The assassination of conservative activist Charlie Kirk has understandably prompted intense reactions from people across the political spectrum, some productive and some not. But perhaps the bravest and most noble reaction comes from Kirk’s widow, Erika.
Calling upon her Christian faith, Erika Kirk declared before a massive audience at State Farm Stadium in Glendale, Arizona that she forgives the killer.
“I forgive him because it was what Christ did and is what Charlie would do,” she said. “The answer to hate is not hate. The answer we know from the gospel is love and always love. Love for our enemies and love for those who persecute us.”
Whether someone has religious convictions or not, that is a show of strength rarely seen in the thin-skinned, perpetually hostile political climate of the last many years.
Erika Kirk has also committed to continuing her late husband’s mission as CEO of Turning Point USA. “[Y[es, campus events will continue and we will continue to hold debates and dialogue,” she said.
While the murderer of her husband wished to silence Charlie Kirk’s message, Kirk’s legacy of engaging with people he disagreed with in an open forum will hopefully live on.
It’s all a lesson instructive to both sides of the political spectrum.
American political rhetoric has become utterly hysterical, with both sides taking the old cliche that “the next election is the most important of our lifetime” to grandiose heights never before seen.
Instead of developing arguments or persuading people, both sides have retreated to their silos and erected their own media echo chambers. With so little exposure to the other side, it’s so much easier now to view people with different viewpoints as caricatured “enemies” rather than as people with different ways of seeing things.
That’s what made Charlie Kirk’s effort so effective and distinctive. He didn’t just talk to his own tribe, he talked through ideas and encouraged others to do the same. That’s why his death has impacted so many people.
We are hopeful that both sides use this tragedy to dial back the hysterics and commit to better rhetoric and more dialogue.
We can only hope that the left, which is still sorting itself out after its humiliating defeat in the 2024 elections, realizes that it cannot keep up the hysterics of the last decade.

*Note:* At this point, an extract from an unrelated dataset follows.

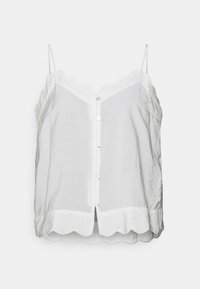 Vit lättviktsbandeau med vågiga kanter, justerbara axelband och knappstängning framtill. Strukturerad tyg med mjukt avslut.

It is the left, after all, that championed cancel culture as a method of political intimidation, elevated the idea that words are violence and has taken to calling every Republican the next Hitler since forever.
Whether it’s the ongoing digital witch hunt against every single person who utters anything critical of Charlie Kirk or the recent federal jawboning of broadcasters to temporarily suspend Jimmy Kimmel’s late-night show, the right needs to go beyond mere vengeance and follow Kirk’s lead.
The right must not devolve into an inverse of the woke mobs of the last many years who terrorized Americans with threats of firings for saying mildly conservative things.
If you are confident in your ideas, you should not fear free speech.